--- Problem statement ---
In the records below, find the line containing "una vista aérea" and the line containing "Apartments Milan Rogoznica"; please repeat exactly the lines from one to the other, both included, and nothing more.

--- Record excerpts ---
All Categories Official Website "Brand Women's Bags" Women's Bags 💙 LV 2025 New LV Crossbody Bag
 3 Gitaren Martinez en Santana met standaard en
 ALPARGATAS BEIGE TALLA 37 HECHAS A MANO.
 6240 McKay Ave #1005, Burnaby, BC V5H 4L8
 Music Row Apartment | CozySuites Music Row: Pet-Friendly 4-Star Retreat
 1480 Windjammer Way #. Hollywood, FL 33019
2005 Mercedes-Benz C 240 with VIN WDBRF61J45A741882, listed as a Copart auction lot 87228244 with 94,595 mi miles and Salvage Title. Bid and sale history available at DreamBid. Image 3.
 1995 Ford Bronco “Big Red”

* * *

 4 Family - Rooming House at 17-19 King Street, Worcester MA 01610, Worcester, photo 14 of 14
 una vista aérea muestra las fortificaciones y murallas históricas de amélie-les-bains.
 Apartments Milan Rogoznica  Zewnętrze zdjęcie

--- Your response ---
 una vista aérea muestra las fortificaciones y murallas históricas de amélie-les-bains.
 Apartments Milan Rogoznica  Zewnętrze zdjęcie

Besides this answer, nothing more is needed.